Eventually, Borel goes on the lam and falls in love with a stuntman (Howard Ross) in one of the most bizarre love montages ever cobbled together. She thinks she’s cured until she’s raped once again by three low-lifes and the movie takes another turn into I Spit On Your Grave territory. The movie’s final moments are certainly memorable but it’s a stretch to say the story resolves itself satisfactorily, although good luck to anybody trying to tie these disparate threads together.
RaroVideo brings Werewolf Woman to HD and the results aren’t bad. Raro is a little too in love with the digital noise reduction tool for my tastes and the image quality is smoother than it should be, although I’ve seen worse. Both Italian and English audio options are included, with the English dub mainly good for more unintentional laughs.
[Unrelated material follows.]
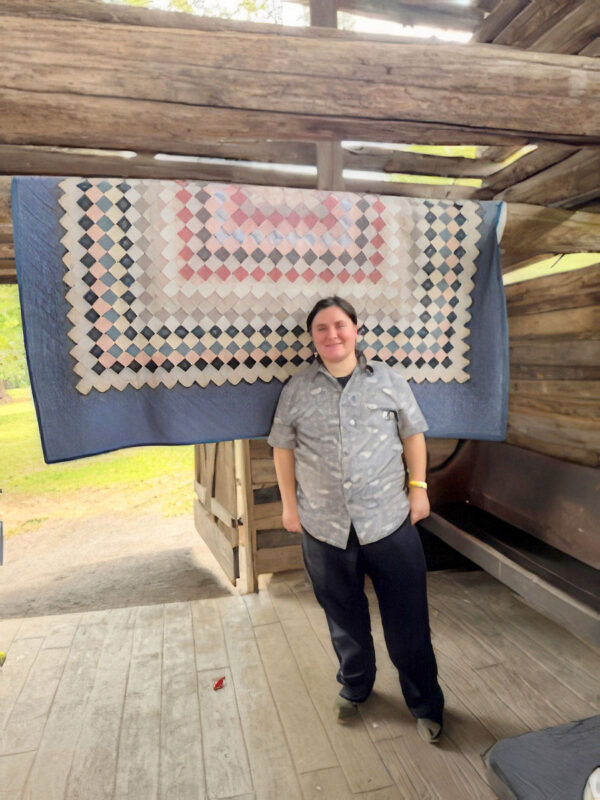 David Bidleman, historical educator, with an antique quilt from Homeplace 1850’s Working Farm and Museum David Bidleman, historical educator, with an antique quilt from Homeplace 1850’s Working Farm and Museum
Extras include a 19-minute interview with director Rino Di Silvestro that I ended up fast-forwarding through. It starts off decently but he takes the movie far too seriously and gives it more credit than it deserves. You also get both the English and Italian trailers and a booklet with liner notes by Fangoria’s Chris Alexander.
Werewolf Woman is a pretty sleazy piece of work with a fair amount of blood, copious amounts of nudity and one of the cheapest and weirdest werewolf makeups you’re likely to see. I wouldn’t call it a hidden gem or even an unpolished one. Maybe if you squint at it long enough, you’ll see something interesting in there but don’t be surprised if it’s just your imagination.